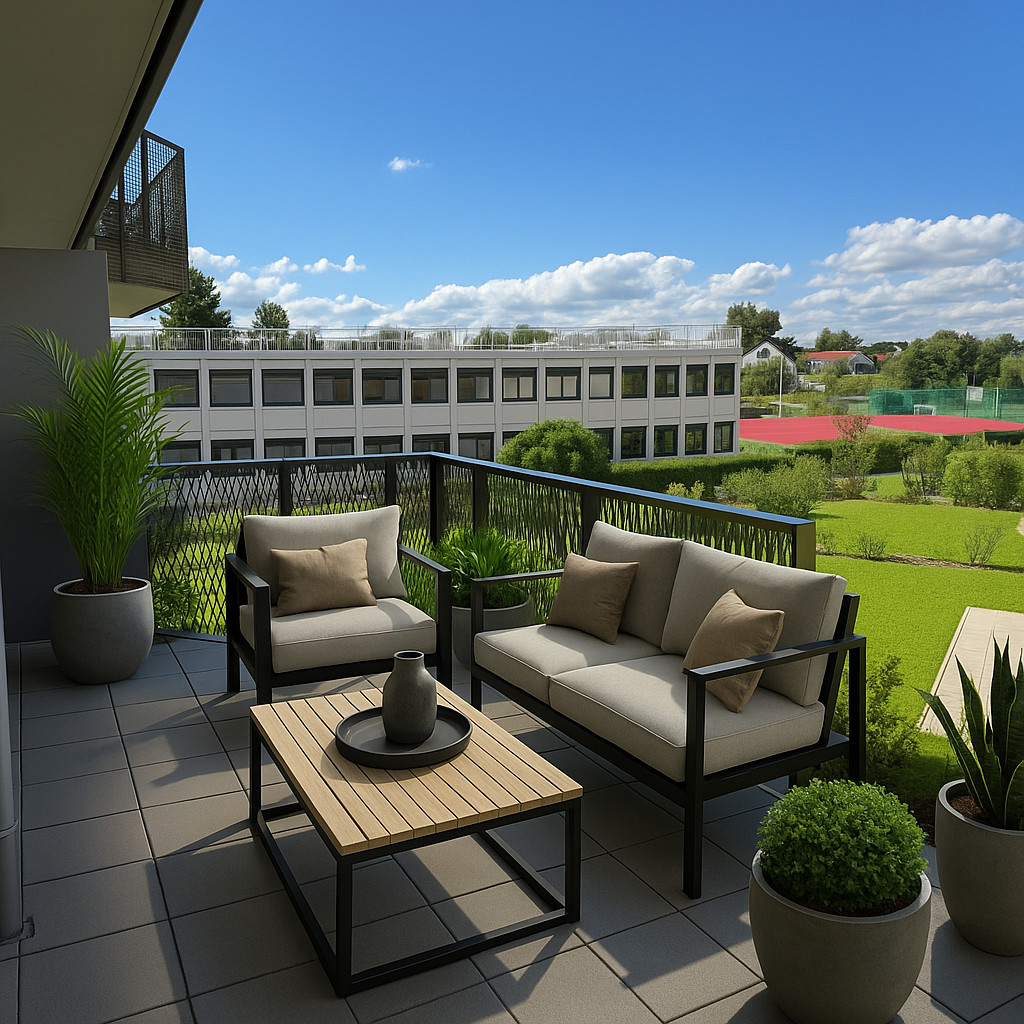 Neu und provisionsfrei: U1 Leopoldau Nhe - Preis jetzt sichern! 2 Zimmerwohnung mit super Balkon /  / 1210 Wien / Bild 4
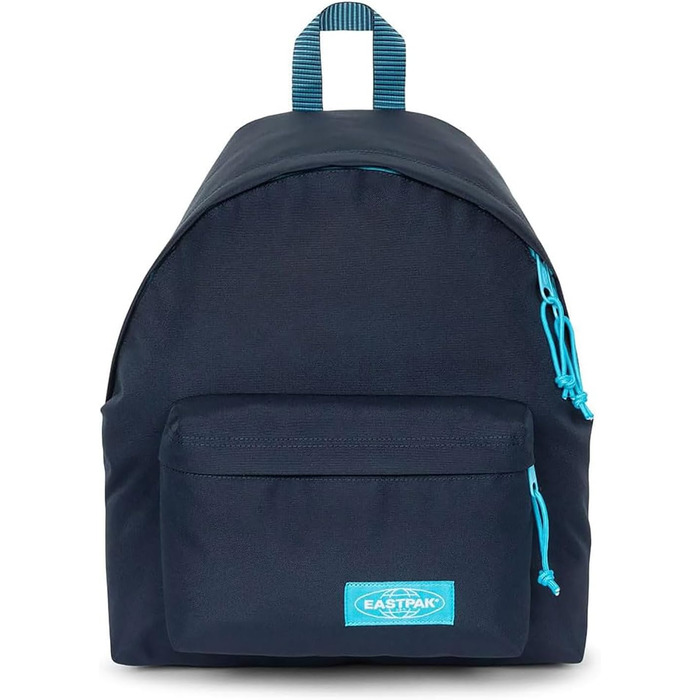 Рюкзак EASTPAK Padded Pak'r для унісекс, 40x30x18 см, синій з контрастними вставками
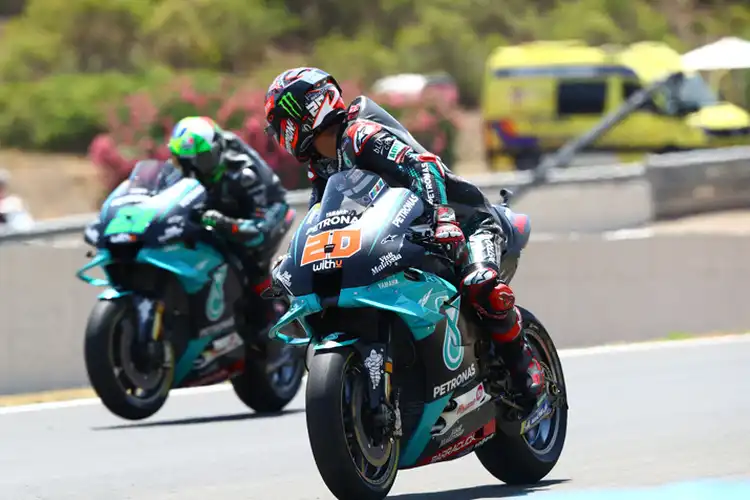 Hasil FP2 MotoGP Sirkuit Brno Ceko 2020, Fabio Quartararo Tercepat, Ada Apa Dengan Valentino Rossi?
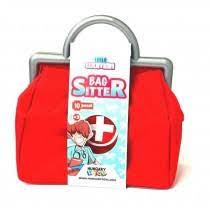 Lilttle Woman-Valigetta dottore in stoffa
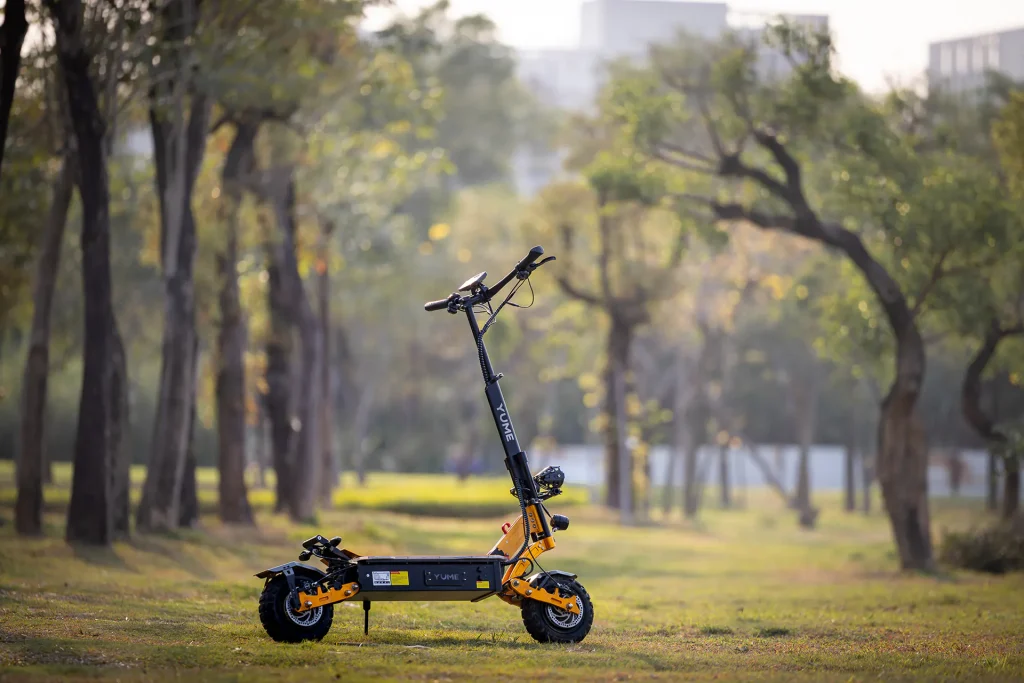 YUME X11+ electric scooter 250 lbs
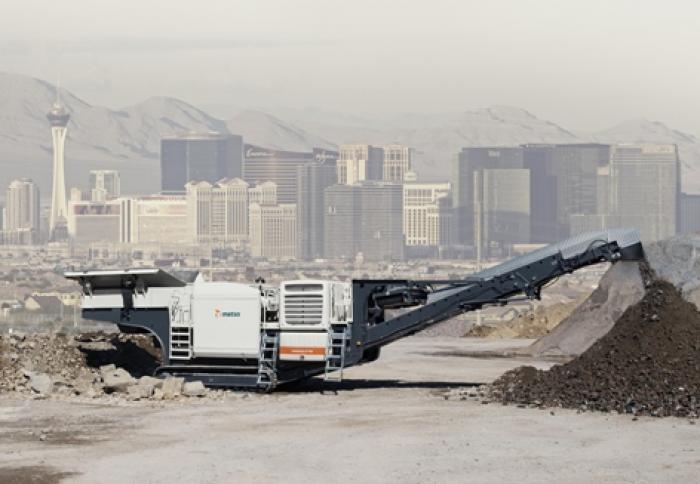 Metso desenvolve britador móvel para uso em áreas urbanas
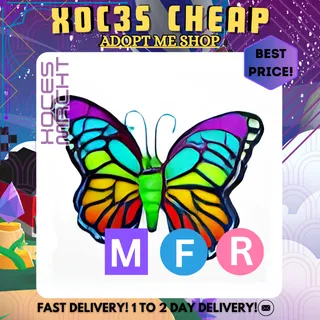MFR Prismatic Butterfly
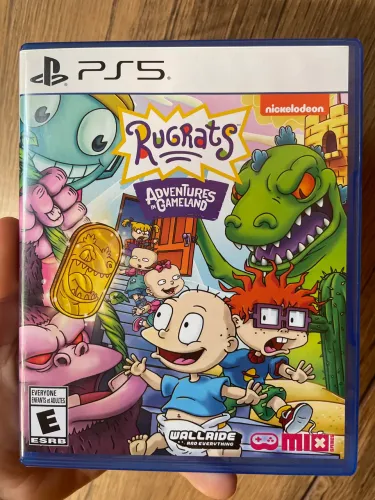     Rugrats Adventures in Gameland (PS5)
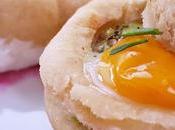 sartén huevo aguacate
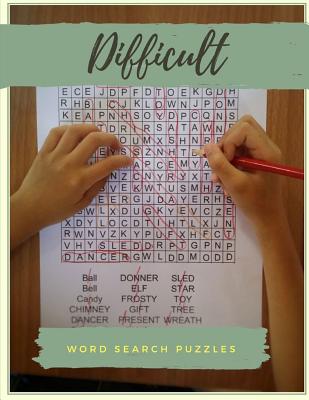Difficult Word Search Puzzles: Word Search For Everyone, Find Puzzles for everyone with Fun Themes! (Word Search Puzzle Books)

## Work to complete
Retype every record above exactly as written, but leave out the pictures.

## Finished exercise
 Neu und provisionsfrei: U1 Leopoldau Nhe - Preis jetzt sichern! 2 Zimmerwohnung mit super Balkon /  / 1210 Wien / Bild 4
 Рюкзак EASTPAK Padded Pak'r для унісекс, 40x30x18 см, синій з контрастними вставками
 Hasil FP2 MotoGP Sirkuit Brno Ceko 2020, Fabio Quartararo Tercepat, Ada Apa Dengan Valentino Rossi?
 Lilttle Woman-Valigetta dottore in stoffa
 YUME X11+ electric scooter 250 lbs
 Metso desenvolve britador móvel para uso em áreas urbanas
MFR Prismatic Butterfly
     Rugrats Adventures in Gameland (PS5)
 sartén huevo aguacate
Difficult Word Search Puzzles: Word Search For Everyone, Find Puzzles for everyone with Fun Themes! (Word Search Puzzle Books)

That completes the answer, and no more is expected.